* _Brief_
One range is to be output from the listing below, exactly as written: the line with "The Luckiest Leprechaun book companion" to the line with "亲测精品/A139多语言微盘系统开发 | 微交易+外汇投资源码", both kept.

* _Task input_

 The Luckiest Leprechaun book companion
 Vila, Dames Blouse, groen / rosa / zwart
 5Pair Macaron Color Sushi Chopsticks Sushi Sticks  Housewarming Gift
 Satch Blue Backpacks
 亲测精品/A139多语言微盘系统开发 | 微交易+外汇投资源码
* * *
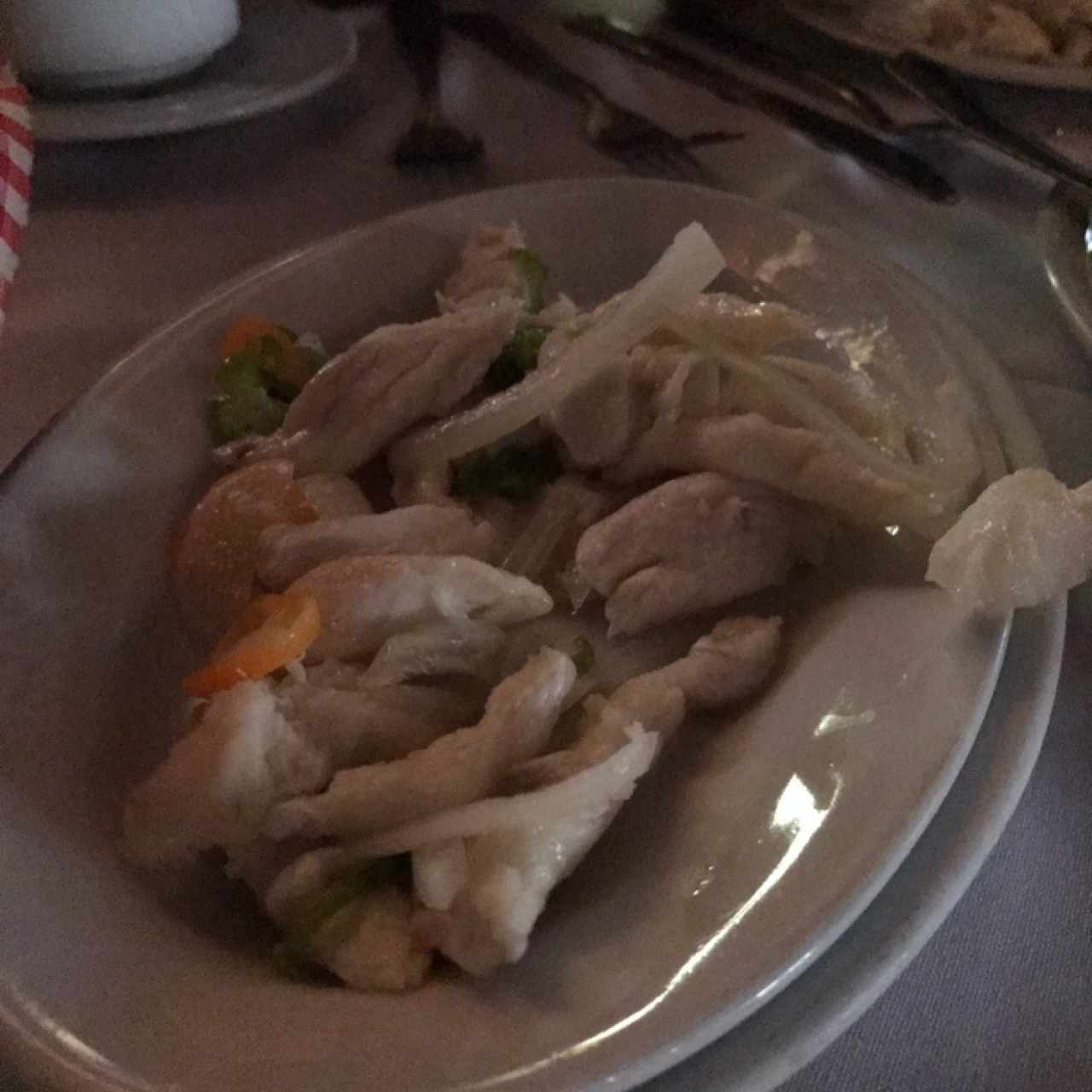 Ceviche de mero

* _Written solution_
 The Luckiest Leprechaun book companion
 Vila, Dames Blouse, groen / rosa / zwart
 5Pair Macaron Color Sushi Chopsticks Sushi Sticks  Housewarming Gift
 Satch Blue Backpacks
 亲测精品/A139多语言微盘系统开发 | 微交易+外汇投资源码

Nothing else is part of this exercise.